Both cities bloomed at their inception during the mining rush of the late 1850’s, bringing well over ten thousand eager, foolish gold-seekers--all gamblers in their own right. Their population retreated ever since, never returning to the glory they knew at birth and currently hovers around a collective 600 today. They continue to attract gamblers of a different kind and accept the donations of travelling drunks and honeymooners on their way to the more luxurious Vail.
Dostal Alley, Easy Street and Famous Bonanza--these are products of an underwhelming experiment of the early 90’s, when Colorado attempted to reinvent the town as a caricature of its former self, forbidding people from building houses of any style other than the traditional brick houses of its mining days and create a new angle on chance that drew greedy men there in the first place.
I stop for a soda at Annie Oakley’s Emporium, but I’m a quarter short. Oh well, I could always get a few Owl Cigars, whose building reads ‘still only 5 cents’ in my rearview mirror as I leave the city, soon to be forgotten amongst the peaks and valleys of the jagged, rocky mountains.

Friday, September 2, 2011

Why I Write


I write because Patrick McDunn, my senile high school English teacher who didn't even know my name told me I could. 'You use the right words,' he said, and I often question whether that's a semi-legitimate
reason for doing anything or if I'm wasting my time magnifying the scope and meaning of my life with words like 'self-discovery' and 'transformation.'

But in ways that is exactly why. It's all an effort to get closer to the truth of myself or to make some precise, profound realization, which has been biding its time beneath a trap door in my mind's labyrinth until it decides to reveal itself to me. When I don't write, I end up vocalizing all the obsessive compulsive thoughts that belong on the page to no audience except myself, ignorant of the fact that strangers observe, eavesdrop, or stare. Writing gives me free therapy sessions, whenever I want them (I don't claim to be insane--that would be an injustice to the truly insane--but I was once advised by a professional to investigate Stockholm Syndrome. Don't ask). Yet I still find myself grasping onto my training wheels with a death grip, terrified at what might happen should I fully devote myself to the craft.

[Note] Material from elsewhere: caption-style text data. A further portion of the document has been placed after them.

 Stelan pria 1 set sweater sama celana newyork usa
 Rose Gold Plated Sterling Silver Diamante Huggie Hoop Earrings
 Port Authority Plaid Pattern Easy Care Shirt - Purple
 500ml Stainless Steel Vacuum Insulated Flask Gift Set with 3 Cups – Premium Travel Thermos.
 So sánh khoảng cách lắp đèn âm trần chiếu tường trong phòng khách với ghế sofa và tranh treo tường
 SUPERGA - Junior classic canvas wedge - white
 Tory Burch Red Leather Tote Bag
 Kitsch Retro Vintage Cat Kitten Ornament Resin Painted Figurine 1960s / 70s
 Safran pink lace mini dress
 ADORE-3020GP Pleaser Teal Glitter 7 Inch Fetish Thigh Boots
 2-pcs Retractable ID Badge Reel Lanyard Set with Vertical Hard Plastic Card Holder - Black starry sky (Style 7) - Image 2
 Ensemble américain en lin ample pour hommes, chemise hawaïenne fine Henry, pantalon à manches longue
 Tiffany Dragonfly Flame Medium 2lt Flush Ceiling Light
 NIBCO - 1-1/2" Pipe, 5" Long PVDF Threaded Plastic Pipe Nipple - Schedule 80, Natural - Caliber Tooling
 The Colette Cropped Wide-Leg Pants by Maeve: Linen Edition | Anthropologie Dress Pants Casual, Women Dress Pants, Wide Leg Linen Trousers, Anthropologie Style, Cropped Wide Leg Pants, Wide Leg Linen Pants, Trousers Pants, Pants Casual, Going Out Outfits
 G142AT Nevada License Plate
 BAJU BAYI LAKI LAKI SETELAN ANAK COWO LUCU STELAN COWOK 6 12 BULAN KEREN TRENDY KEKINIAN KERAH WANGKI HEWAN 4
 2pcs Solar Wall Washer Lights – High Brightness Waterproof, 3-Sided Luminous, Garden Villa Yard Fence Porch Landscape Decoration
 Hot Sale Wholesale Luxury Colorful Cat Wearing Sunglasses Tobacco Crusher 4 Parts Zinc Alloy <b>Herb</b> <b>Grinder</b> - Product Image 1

I write to retain some sanity within myself, and perhaps because of this my writing is still very scattered, unfocused. It consists of scribbled notes of potentially pertinent information and lists of words and titles and ideas. Ideas which, at their conception, had every intention to follow through with the promise they captured in the moment, yet were thrown into a box with a litter of similar moments and shoved in the cobweb friendly area of my brain. I want to write in order to make sense of the cyclonic chaos and create something worth reading.